In Pakistan, Fatima Bhuttosaid, the real issue is not libel but what happens when things you care about cannot be legally discussed. The Pakistani press developed novel, and sometimes cheeky, ways of exposing censorship under Muhammad Zia-ul-Haq, she said. Space was left empty where the censor had insisted on cuts. When this became illegal, the space was filled with pictures of donkeys and farm animals.
Now, Bhutto warned, that vigilance is slipping. And the recent Prevention of Electronic Crimes Act has given the authorities such sweeping powers of control and surveillance that one wonders if self-censorship is not as great a problem as direct intervention by the government. The powers in the act are being put to use against those engaged in “character assassination”, and crimes including spoofing and owning a fake email account are punishable with prison sentences. “This is as scary as it sounds”, Bhutto concluded.
The threat to press freedom also comes from the press itself, Andrew Gilligan admitted. Many people see the press as, in some ways, an abuser of human rights, and calls to defend it are not always shared by the public.
The press needs to start getting angry and vocal about press persecution, and should be looking for ways around the repression of the state – perhaps through encryption (although a speaker from the floor pointed out there is a law against this now). Journalism relies on sources and whistleblowers, and without some protections, people will not come forward, Gilligan said.

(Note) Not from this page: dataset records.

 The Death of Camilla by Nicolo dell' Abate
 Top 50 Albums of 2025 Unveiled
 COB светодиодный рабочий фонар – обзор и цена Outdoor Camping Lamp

Nick Cohen of the Observer argued that the English judiciary cannot be trusted to protect the press. There is a lack of instinct for liberty in the courts, and that is not something that can be taught in law school.

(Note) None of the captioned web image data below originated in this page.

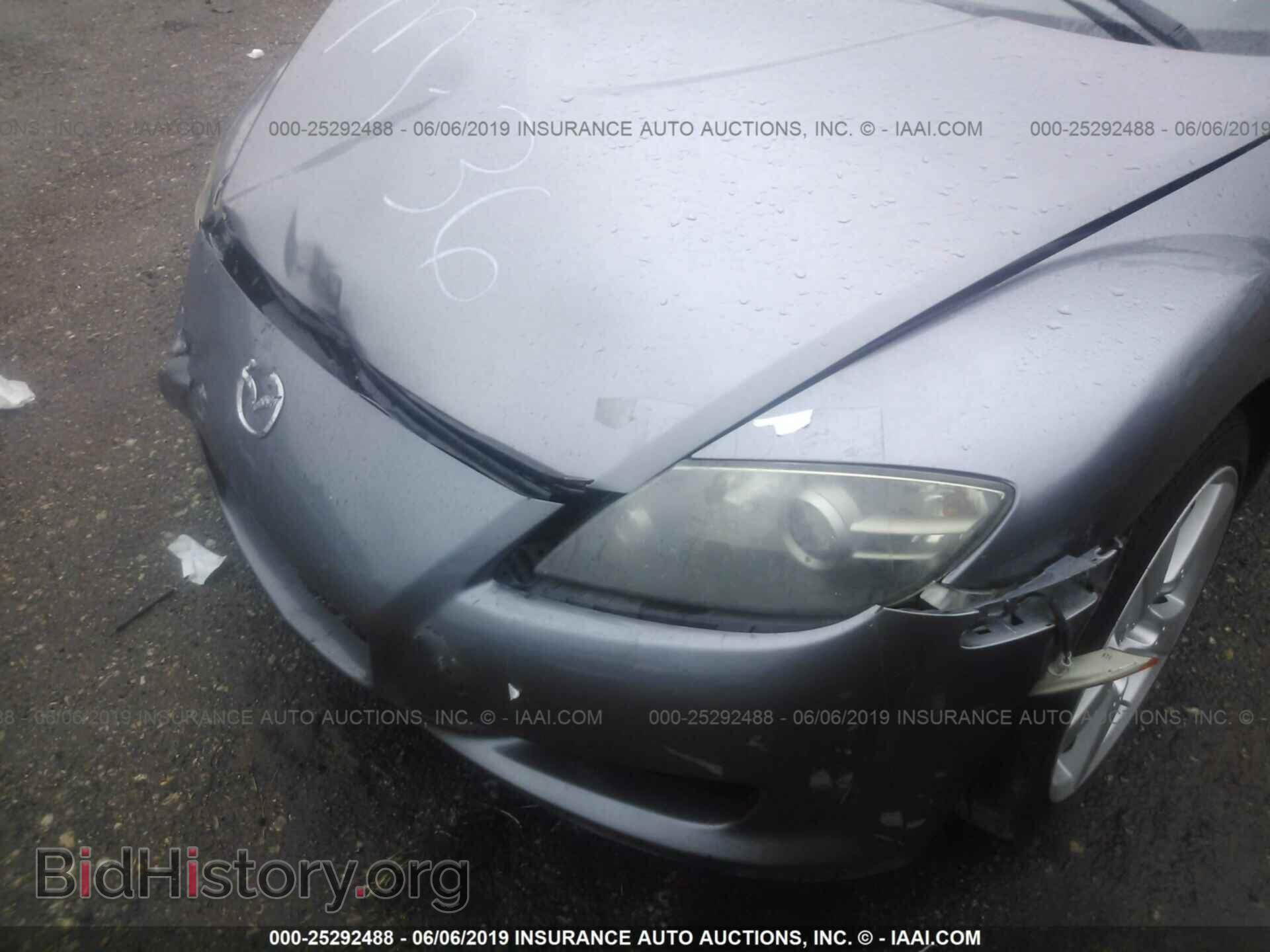 2004 MAZDA RX8 - VIN: JM1FE173540128340 - Фото 6
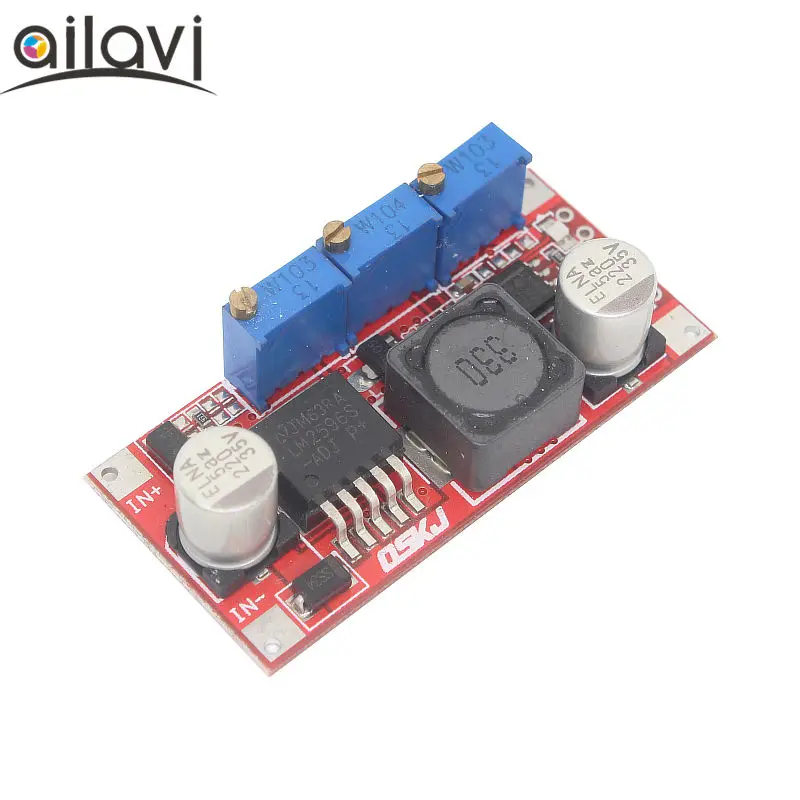 DC-DC Step-Down Constant Current Constant Voltage Charging Module 7-35V12V6V Lithium Battery Charging LED Drive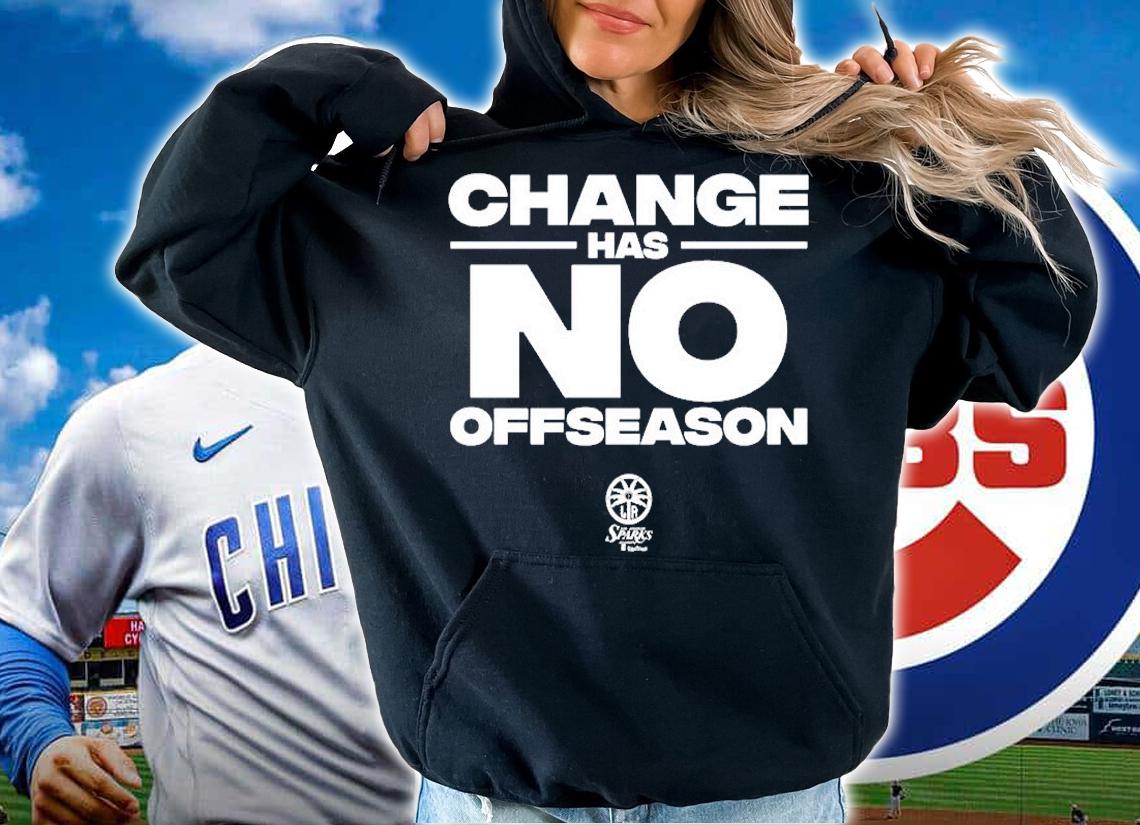 Billie Jean King Change Has No Offseason T-Shirt t-shirt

He listed several examples of people being sued in the English courts for alleged defamation that had not been perpetrated in this jurisdiction. It ought to be a matter of shame, Cohen said, that people around the word are having our laws imposed on them.
So, what of solutions? Admitting that she was going beyond her brief, the chair waded into the debate. Joanne Cash, barrister and Conservative candidate, outlined her proposals to strengthen the position of the press, and responded to an audience question that, yes, she was lobbying senior Tory MPs to get these changes onto the policy agenda.
Cash made four key suggestions: that there should be a defence, like the Sullivan defence in the US, allowing the press to write about public figures; that the Reyolds defence should be widened, because it is being too narrowly interpreted in the courts today; that the artificial extension of the period a litigant can sue for content on a website (a year from when the last date is available on the site) should be limited; and that there should be increased protection for sources.
With a good chance that the Conservatives will be in power after the next election, the press will no doubt be watching this space.